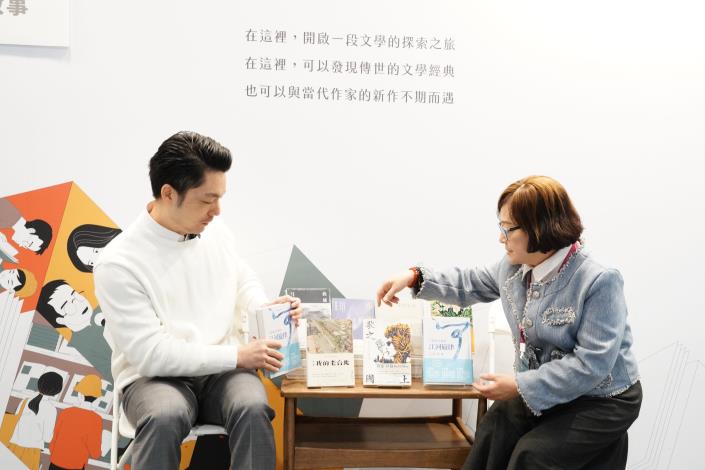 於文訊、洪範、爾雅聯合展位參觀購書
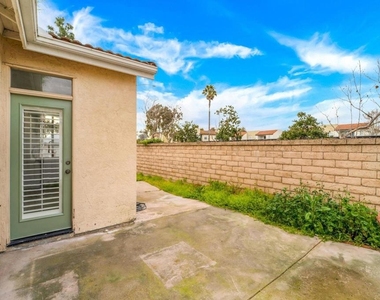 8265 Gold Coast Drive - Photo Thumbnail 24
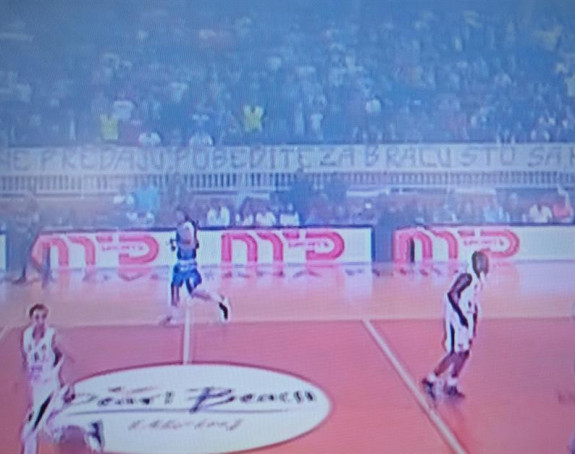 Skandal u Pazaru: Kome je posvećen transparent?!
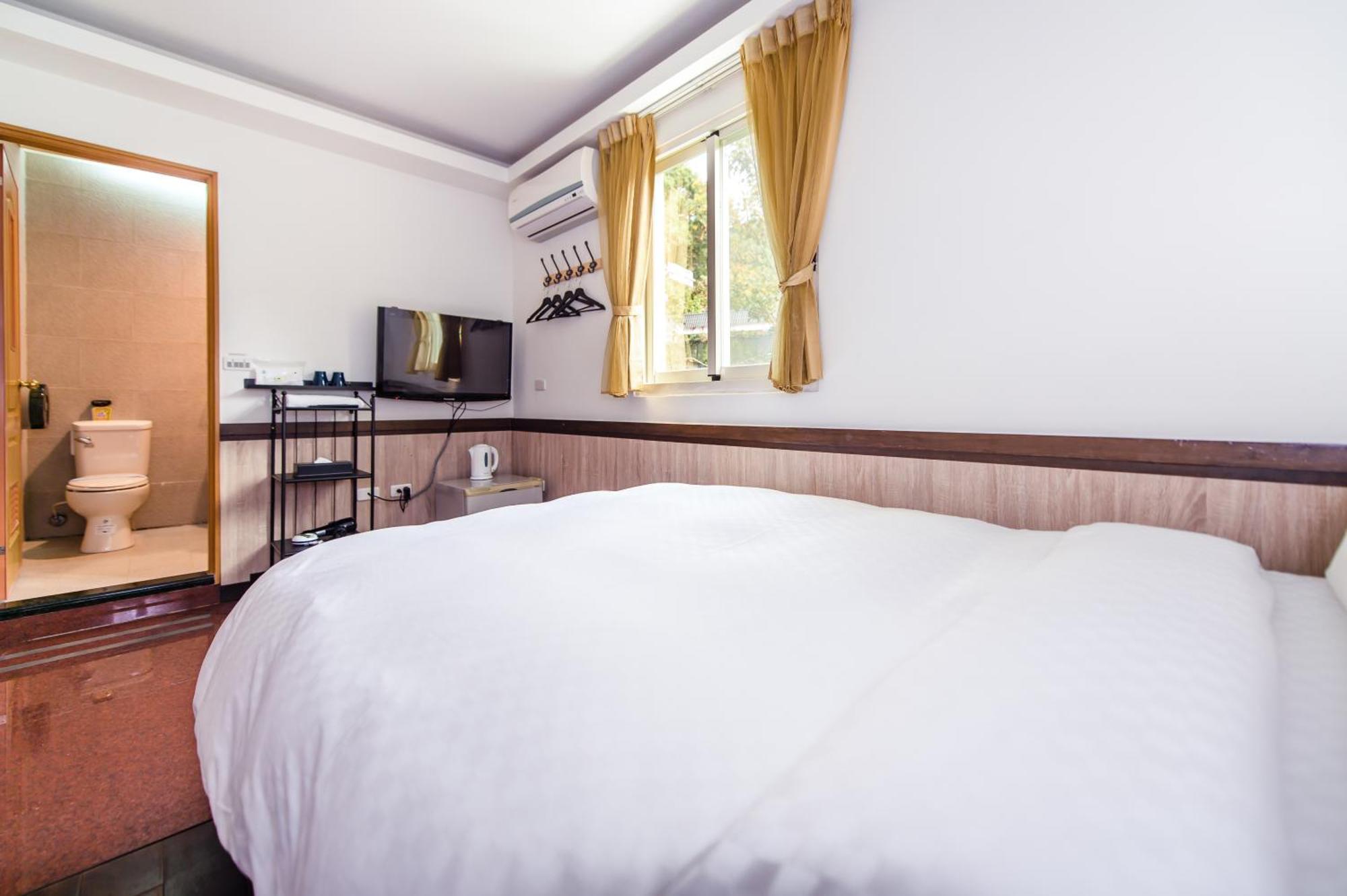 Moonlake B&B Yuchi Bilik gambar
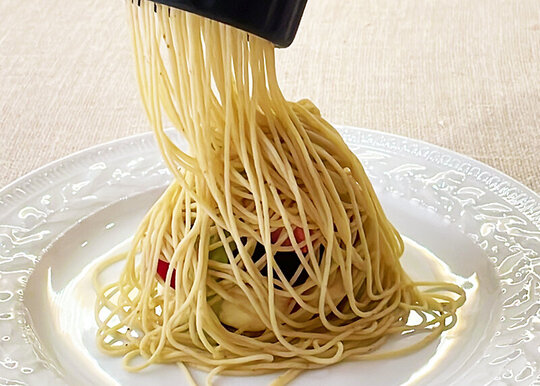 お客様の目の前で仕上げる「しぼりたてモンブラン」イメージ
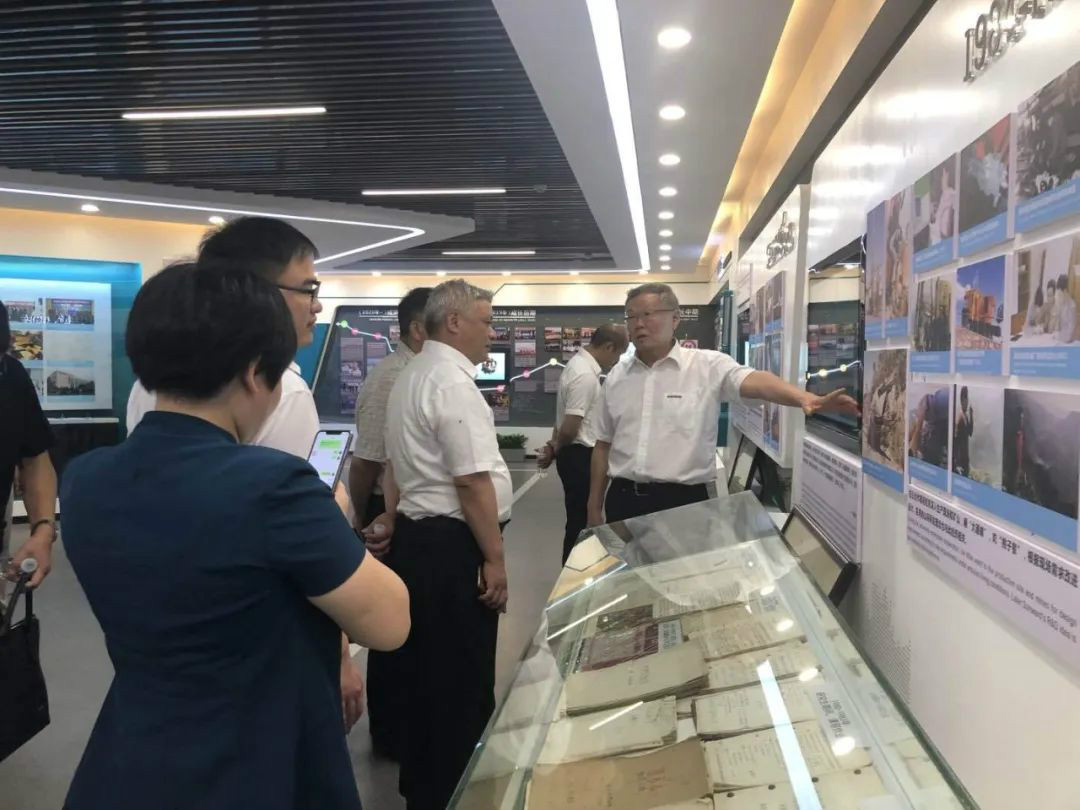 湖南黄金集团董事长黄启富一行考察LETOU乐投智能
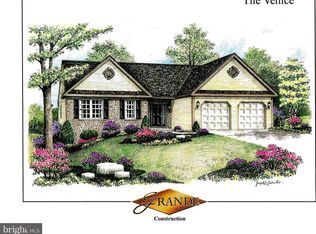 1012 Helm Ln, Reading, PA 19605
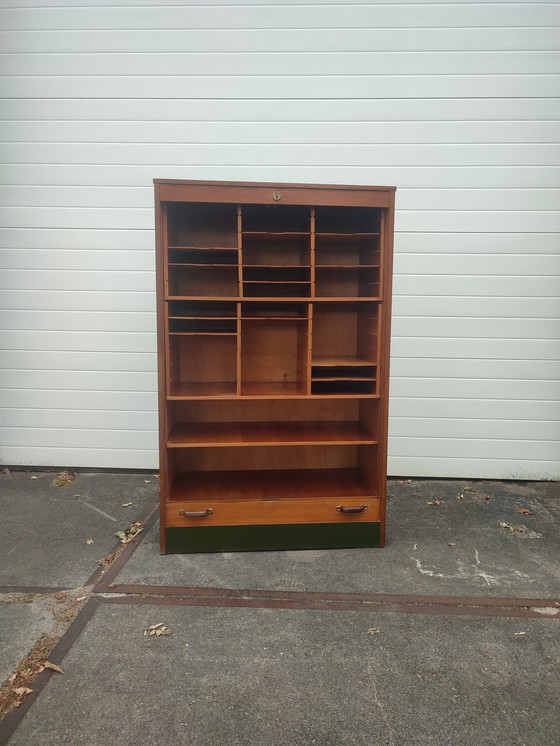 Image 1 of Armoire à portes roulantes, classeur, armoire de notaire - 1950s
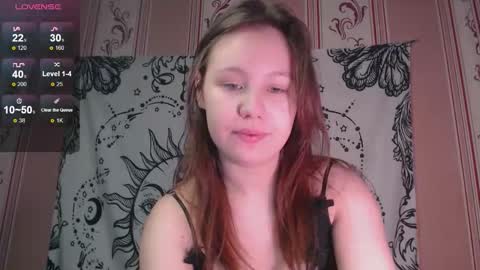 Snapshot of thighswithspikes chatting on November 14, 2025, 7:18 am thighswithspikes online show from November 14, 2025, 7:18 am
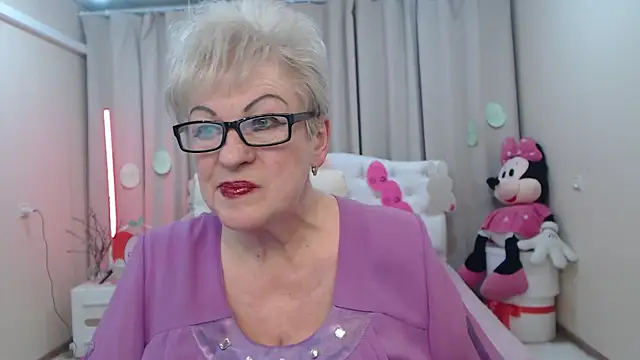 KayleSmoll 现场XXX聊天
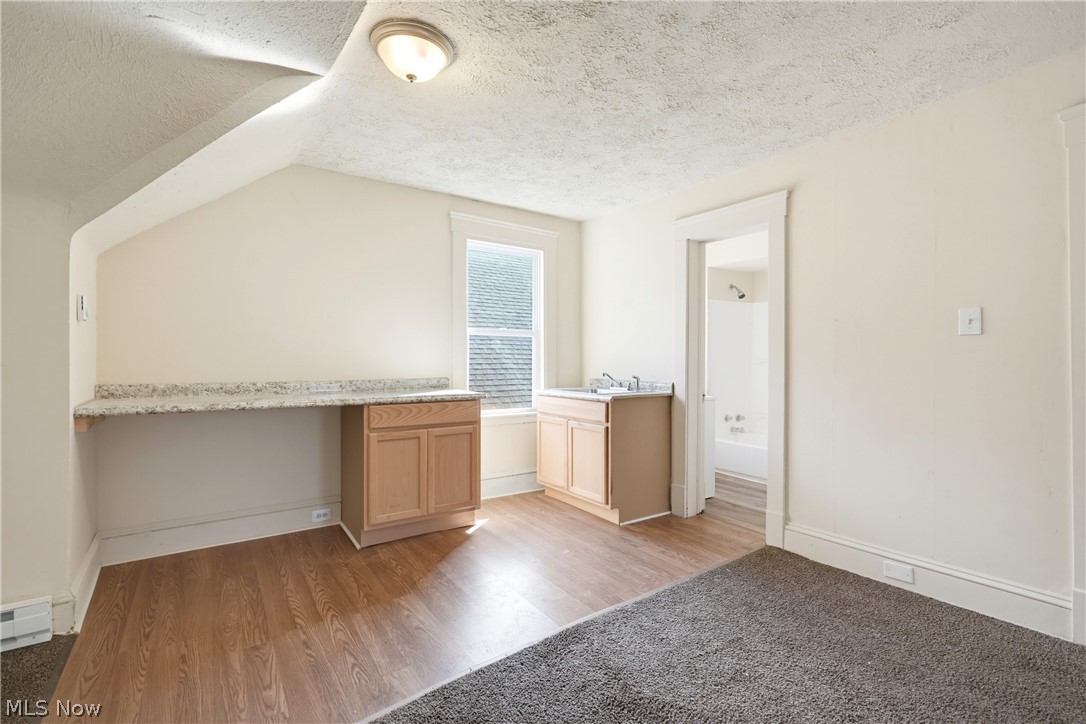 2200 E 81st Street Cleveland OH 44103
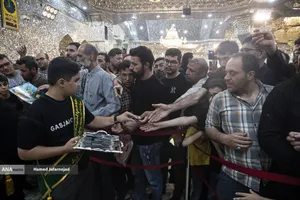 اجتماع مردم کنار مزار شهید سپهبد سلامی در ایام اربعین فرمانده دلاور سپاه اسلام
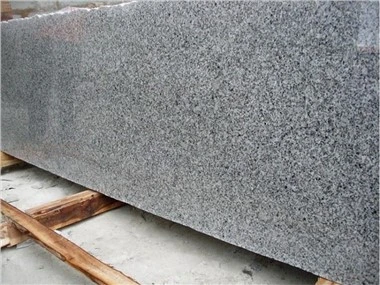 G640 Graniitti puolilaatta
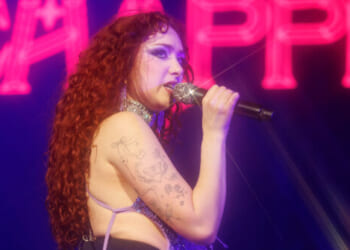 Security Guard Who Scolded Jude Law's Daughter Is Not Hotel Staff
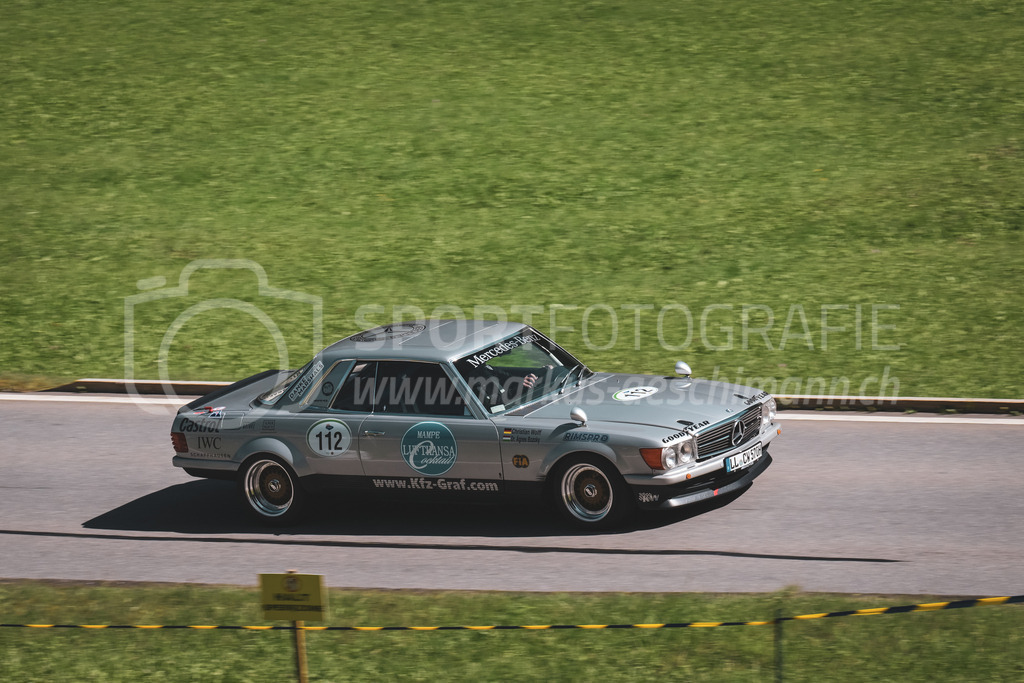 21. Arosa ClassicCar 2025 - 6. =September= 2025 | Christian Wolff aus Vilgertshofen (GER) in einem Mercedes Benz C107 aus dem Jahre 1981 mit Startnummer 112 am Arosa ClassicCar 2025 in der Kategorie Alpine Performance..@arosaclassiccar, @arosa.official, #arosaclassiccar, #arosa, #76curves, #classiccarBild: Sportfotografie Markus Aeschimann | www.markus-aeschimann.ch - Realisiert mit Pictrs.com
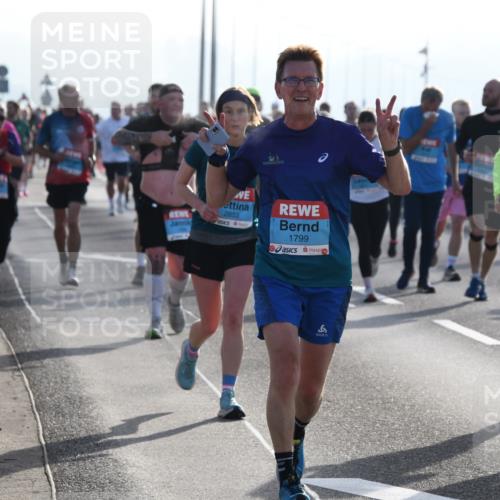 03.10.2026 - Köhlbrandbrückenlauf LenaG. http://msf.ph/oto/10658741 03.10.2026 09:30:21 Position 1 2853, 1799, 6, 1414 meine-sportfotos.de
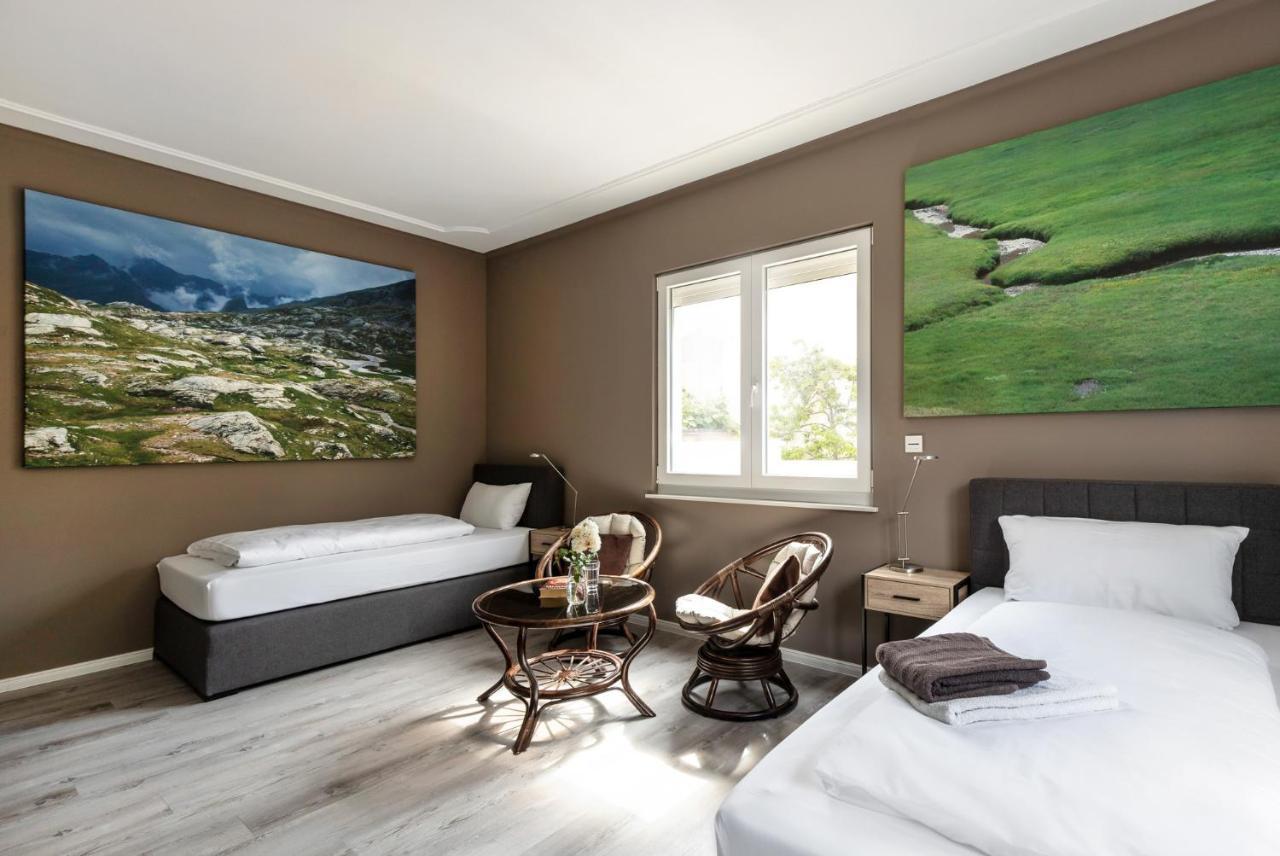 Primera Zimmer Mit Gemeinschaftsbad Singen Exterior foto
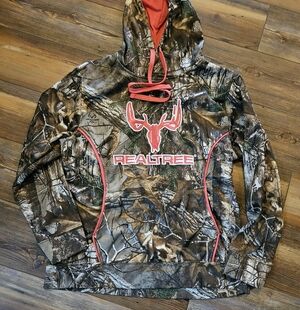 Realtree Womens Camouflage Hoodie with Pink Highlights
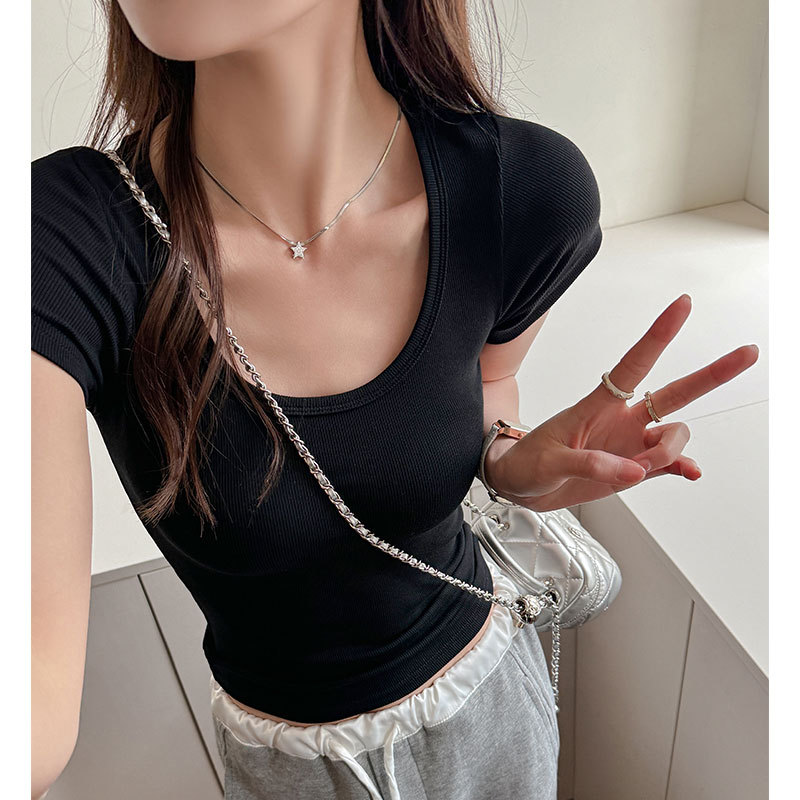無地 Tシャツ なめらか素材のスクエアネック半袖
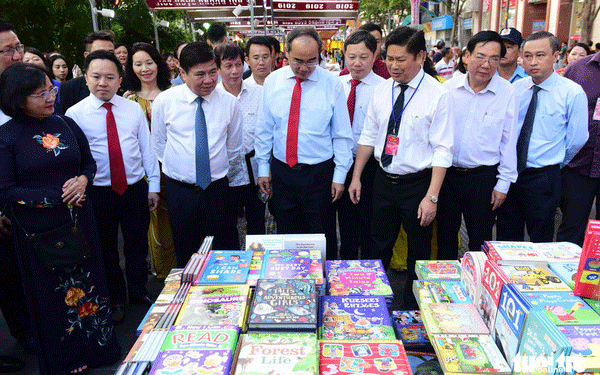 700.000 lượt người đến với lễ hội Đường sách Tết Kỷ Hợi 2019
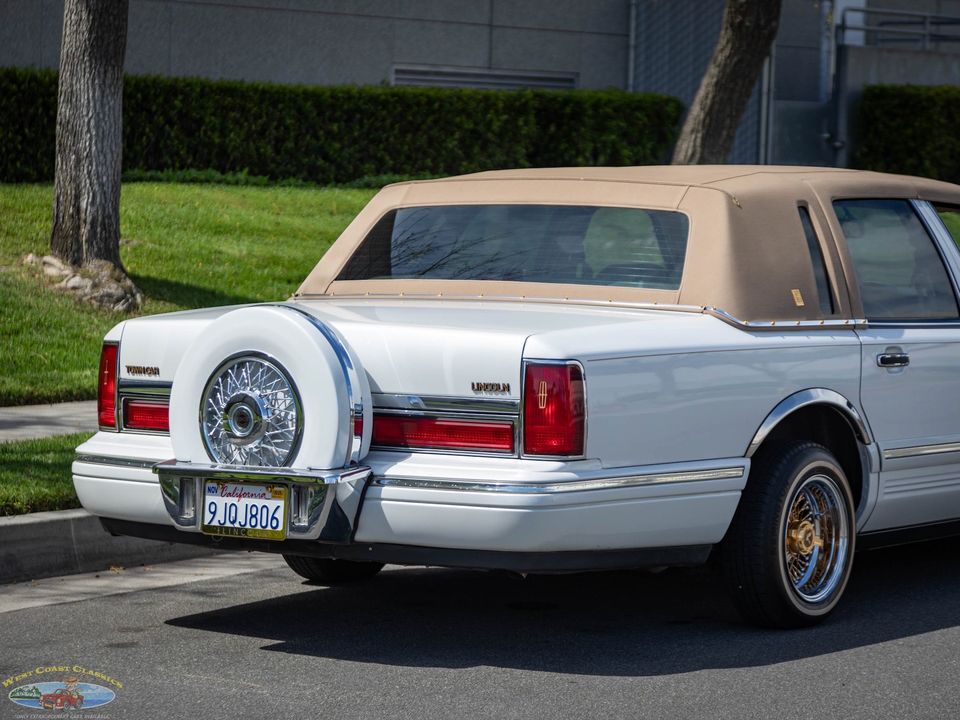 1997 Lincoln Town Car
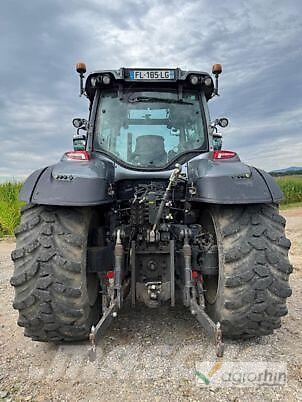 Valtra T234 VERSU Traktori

THE TASK >> Output only the lines that run from the line containing "Image 1 of Armoire" to the last line of the data, exactly as they stand and without pictures.

ANSWER TO THE PROBLEM >>
 Image 1 of Armoire à portes roulantes, classeur, armoire de notaire - 1950s
 Snapshot of thighswithspikes chatting on November 14, 2025, 7:18 am thighswithspikes online show from November 14, 2025, 7:18 am
 KayleSmoll 现场XXX聊天
 2200 E 81st Street Cleveland OH 44103
 اجتماع مردم کنار مزار شهید سپهبد سلامی در ایام اربعین فرمانده دلاور سپاه اسلام
 G640 Graniitti puolilaatta
 Security Guard Who Scolded Jude Law's Daughter Is Not Hotel Staff
 21. Arosa ClassicCar 2025 - 6. =September= 2025 | Christian Wolff aus Vilgertshofen (GER) in einem Mercedes Benz C107 aus dem Jahre 1981 mit Startnummer 112 am Arosa ClassicCar 2025 in der Kategorie Alpine Performance..@arosaclassiccar, @arosa.official, #arosaclassiccar, #arosa, #76curves, #classiccarBild: Sportfotografie Markus Aeschimann | www.markus-aeschimann.ch - Realisiert mit Pictrs.com
 03.10.2026 - Köhlbrandbrückenlauf LenaG. http://msf.ph/oto/10658741 03.10.2026 09:30:21 Position 1 2853, 1799, 6, 1414 meine-sportfotos.de
 Primera Zimmer Mit Gemeinschaftsbad Singen Exterior foto
 Realtree Womens Camouflage Hoodie with Pink Highlights
無地 Tシャツ なめらか素材のスクエアネック半袖
 700.000 lượt người đến với lễ hội Đường sách Tết Kỷ Hợi 2019
 1997 Lincoln Town Car
 Valtra T234 VERSU Traktori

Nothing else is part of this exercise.